Exercise requirements:
Each line in the data must be reproduced as written, except for any picture.

*** Supplied information ***

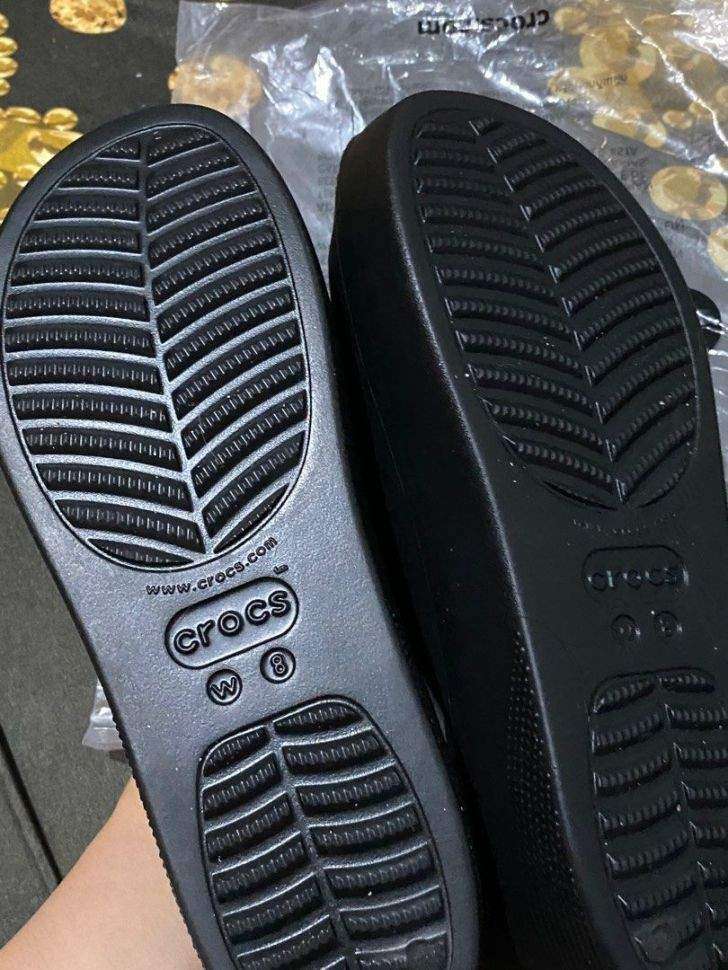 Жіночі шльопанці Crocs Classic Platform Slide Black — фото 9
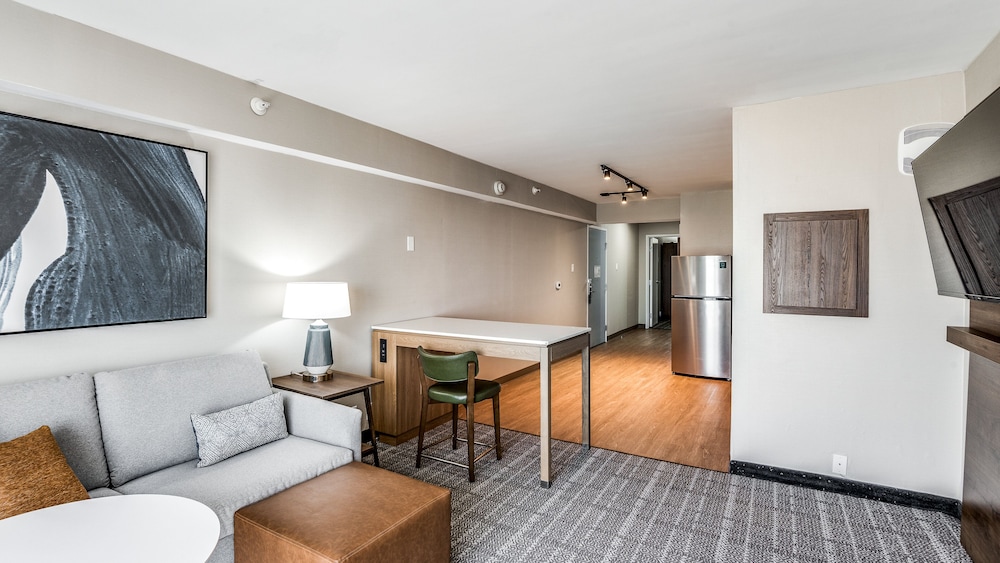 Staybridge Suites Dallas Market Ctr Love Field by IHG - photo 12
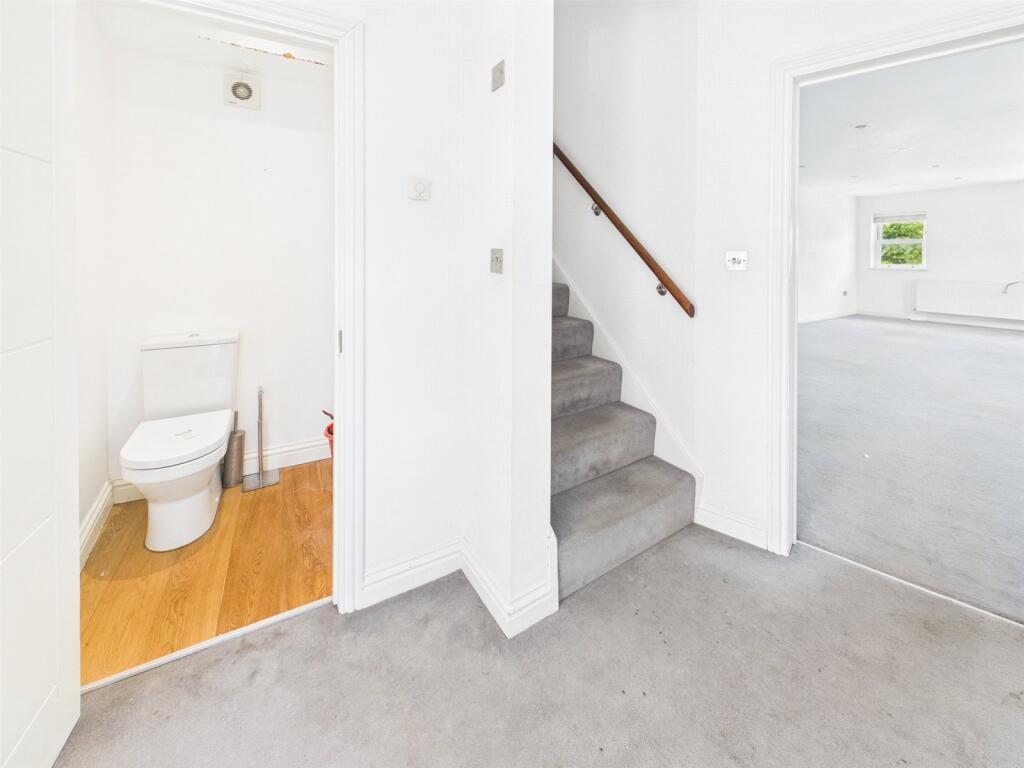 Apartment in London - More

***

Task response:
 Жіночі шльопанці Crocs Classic Platform Slide Black — фото 9
 Staybridge Suites Dallas Market Ctr Love Field by IHG - photo 12
 Apartment in London - More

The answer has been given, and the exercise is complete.